* Exercise
Only the lines from the one containing "Outdoor Retractable Privacy" through the end of the listing are to be repeated, exactly and without pictures.

-------- Data supplied --------

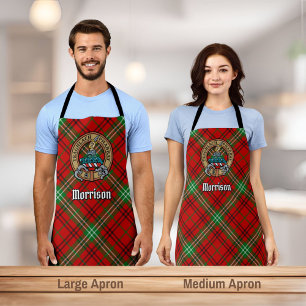 Clan Morrison Wappen über Red Tartan Schürze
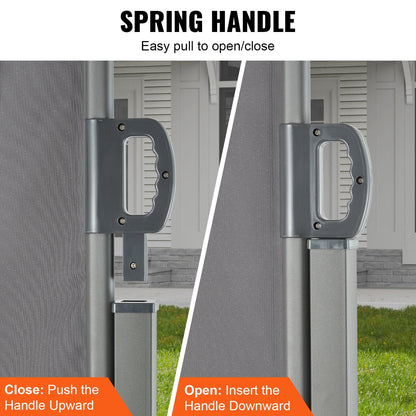 Outdoor Retractable Privacy Screen, 2x3m Polyester Awning, UV Resistant, Gray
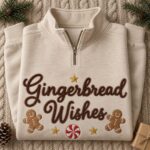 Gingerbread Wishes Embroidered Christmas Quarter Zip, Cozy Holiday Half Zip Sweatshirt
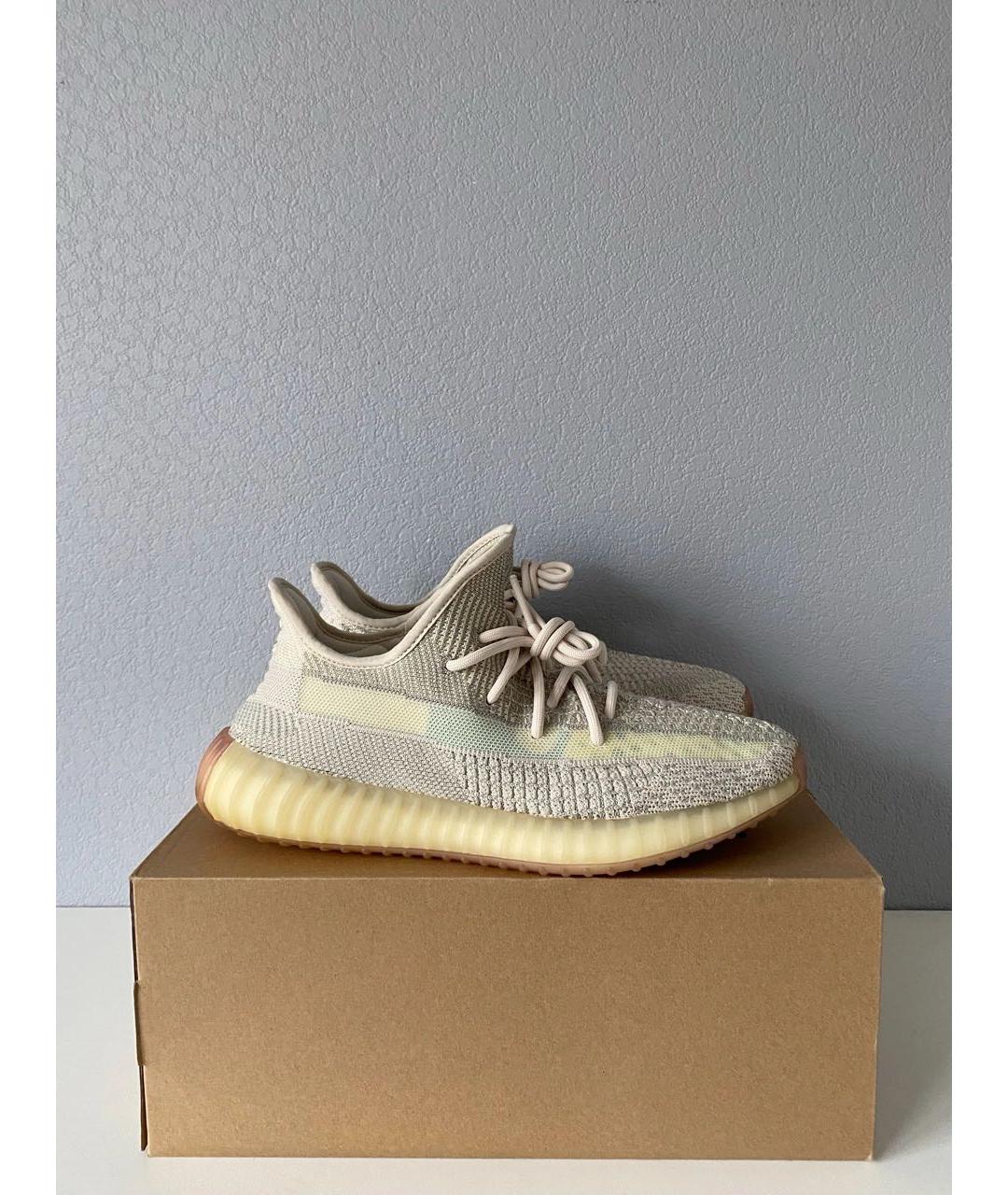 ADIDAS YEEZY Бежевые текстильные низкие кроссовки / кеды, фото 3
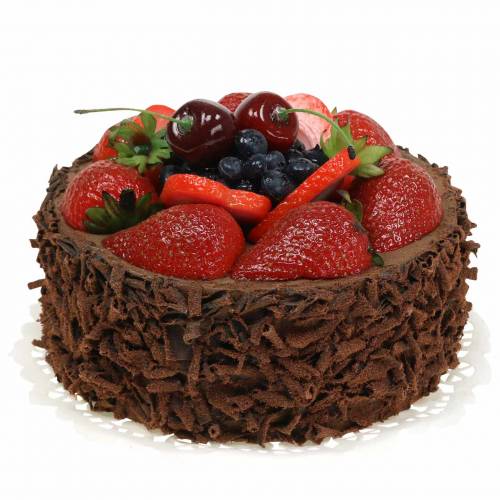 Floristik24 Artificial chocolate cream cake Ø15cm H11.5cm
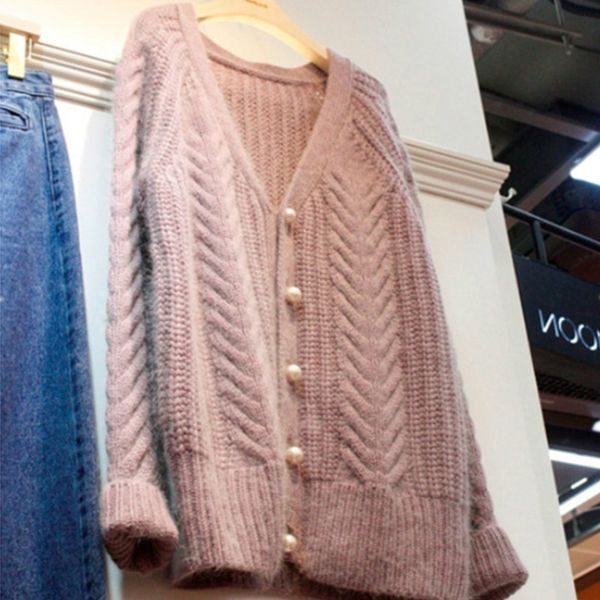 

korean autumn pear button women pink cargidans 2018 new fashion casual long sleeve knitted sweater ladies winter all match, White;black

--------

* Output for this exercise
 Outdoor Retractable Privacy Screen, 2x3m Polyester Awning, UV Resistant, Gray
 Gingerbread Wishes Embroidered Christmas Quarter Zip, Cozy Holiday Half Zip Sweatshirt
 ADIDAS YEEZY Бежевые текстильные низкие кроссовки / кеды, фото 3
 Floristik24 Artificial chocolate cream cake Ø15cm H11.5cm

korean autumn pear button women pink cargidans 2018 new fashion casual long sleeve knitted sweater ladies winter all match, White;black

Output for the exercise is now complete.